Die Details sind kompliziert, der Kern jedoch ist sehr einfach: Banken sollen das Recht verlieren, mit den Krediten in ihren Bilanzen neues Geld zu schöpfen. Alles, was "Schweizer Franken" heißt, egal ob als Geldschein oder als Guthaben auf einem Girokonto, muss danach von der Schweizerischen Nationalbank, der obersten Währungsbehörde kommen. Sämtliche Schweizer Parteien haben sich gegen die Vollgeld-Initiative ausgesprochen, ebenso die Regierung in Bern und auch die Nationalbank, die, zumindest auf dem Papier, die eigentliche Gewinnerin der Reform wäre. Unabhängig von der Abstimmung in der Schweiz hatte die Deutsche Bundesbank schon vor einem Jahr klargemacht, dass sie von Vollgeld nichts hält.
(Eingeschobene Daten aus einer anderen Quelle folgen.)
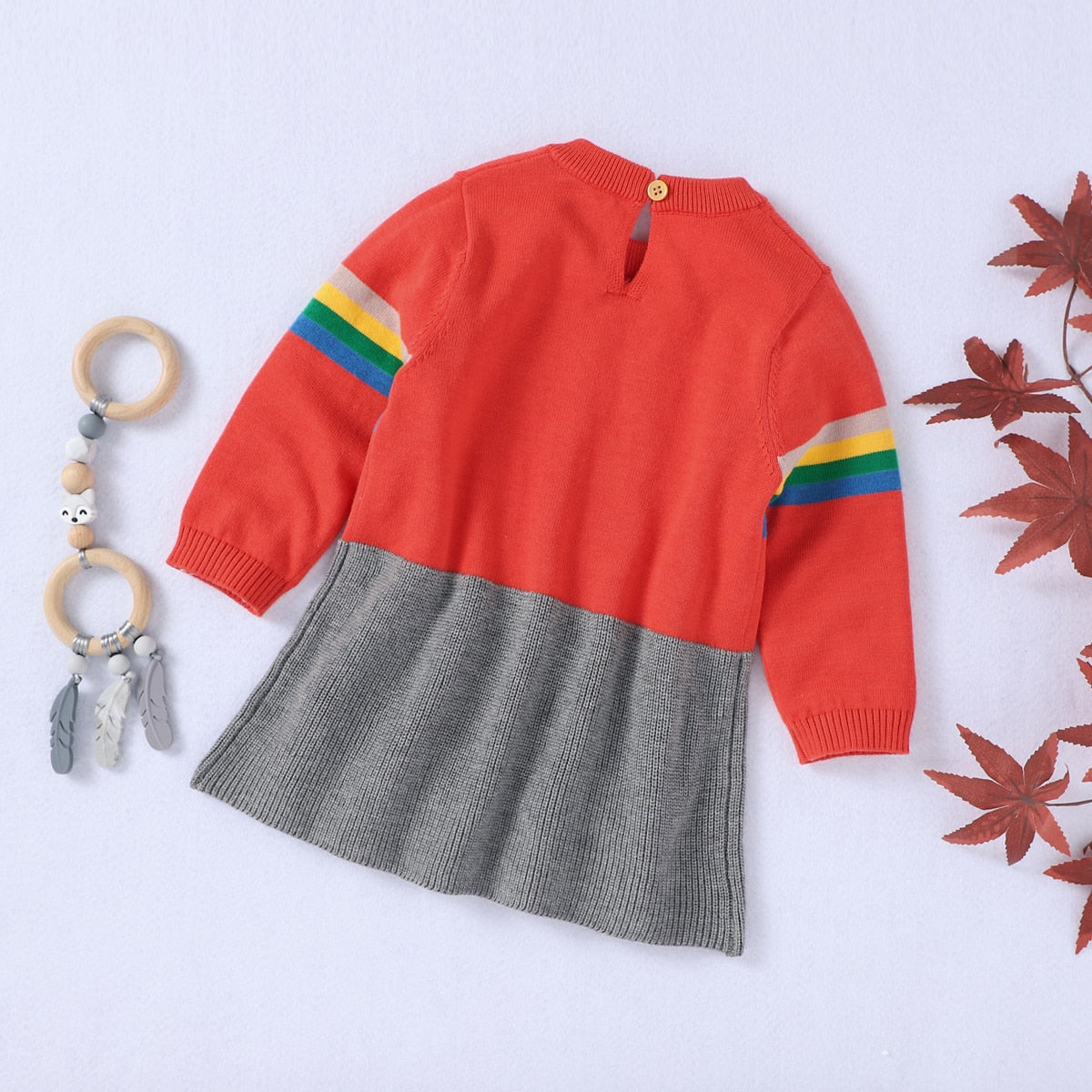 Infant Music Notes Kid's Dress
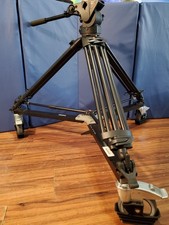 Manfrotto 545B Tripod W/ 526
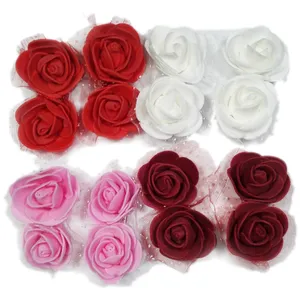 ست گیره مو رز مدل GOLR8 مجموعه 8 عددی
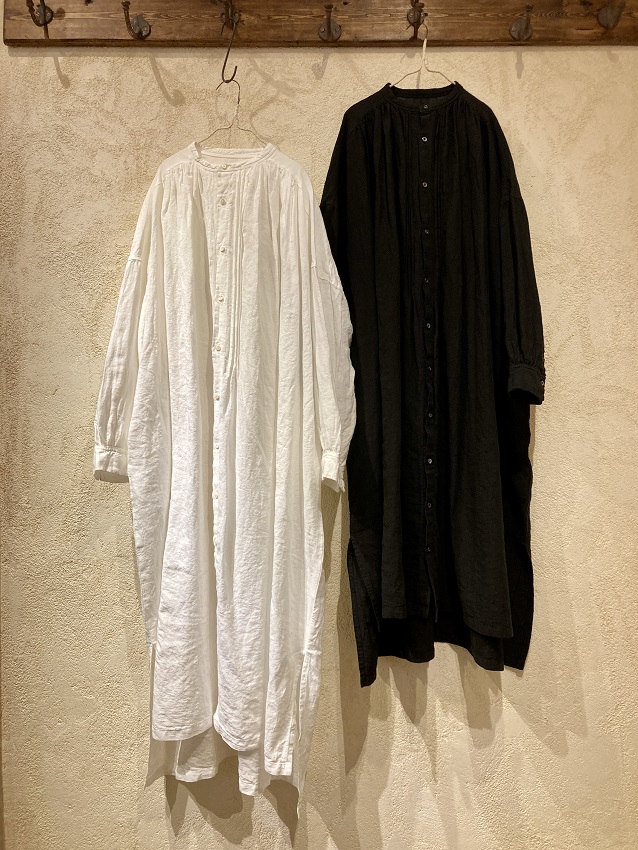 春のシャツワンピース | 高崎店 | nest Robe Shop Blog | nest Robe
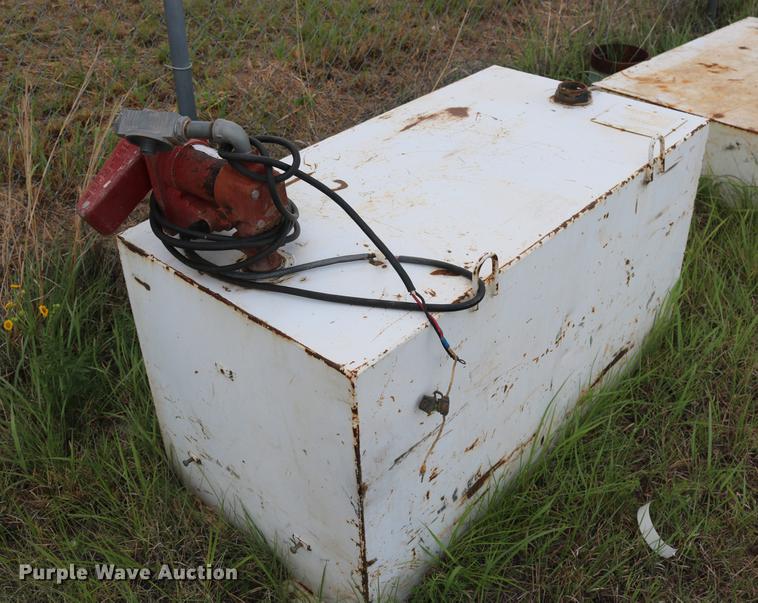 image for item AO9255 (5) fuel tanks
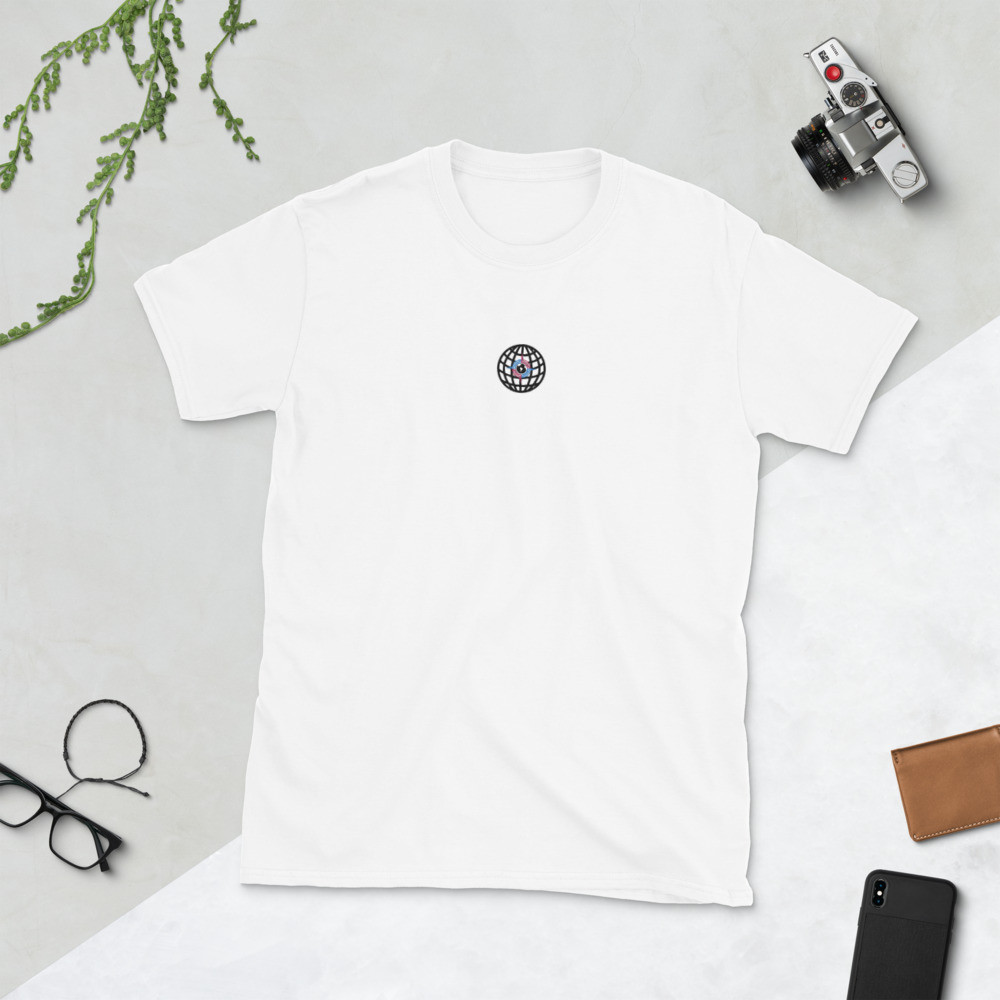 TSS - Shirt w/ Globe (#SS21C3)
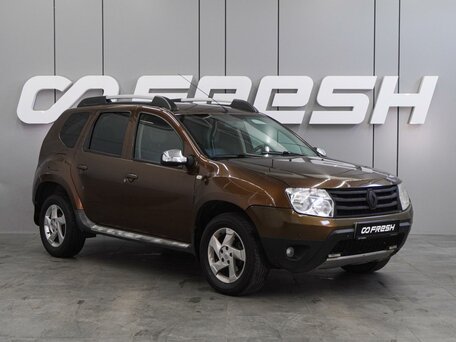 Renault Duster I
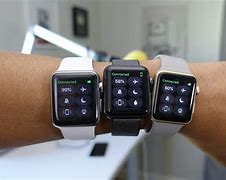 Image result for Series 1 vs 5 Apple Watch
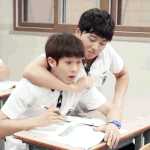 박서준과 <b>최우식이</b> 찐친이 된 계기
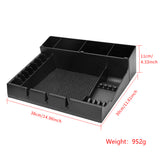 PALMS - Clippers Scissors Storage Case Organizer Tray Portable Clipper Station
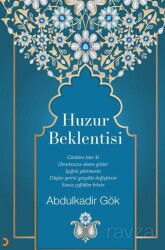 Huzur Beklentisi - Cinius Yayınları
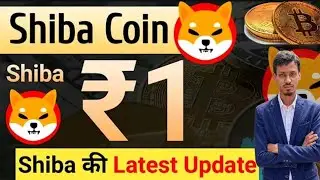 Shiba Inu coin big news 2025 | Whales Entry | Shiba Inu ₹1 तक जा सकता है | Burning Rate Jump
Das populistische Potenzial des Themas liegt darin, dass viele Laien nicht wissen, wie das moderne Geldsystem funktioniert und empört sind, wenn sie es erfahren: Nur ein kleiner Teil der umlaufenden Geldmenge (in der Schweiz etwa zehn Prozent) kommt tatsächlich von der staatlichen Notenbank.

Der Rest ist Bankengeld, und das entsteht so: Frau Meier spart 1000 Franken und zahlt die Summe auf ein Konto bei der Credit Suisse ein. Die Bank verleiht davon 900 Franken an Herrn Müller, 100 Franken bleiben als staatlich vorgeschriebene Mindestreserve in der Bankbilanz. Wobei das Geld von Frau Meiers Konto nicht verschwindet. Die 900 Franken sind Geld, das vorher nicht da war, sogenanntes Giralgeld. Das lernt zwar jeder VWL-Student in der ersten Vorlesung über Geldtheorie, in der Wahrnehmung einiger Vollgeld-Anhänger sind dies jedoch "Tatsachen, die uns verschwiegen wurden" (so ein Tweet). Eine Verschwörung also.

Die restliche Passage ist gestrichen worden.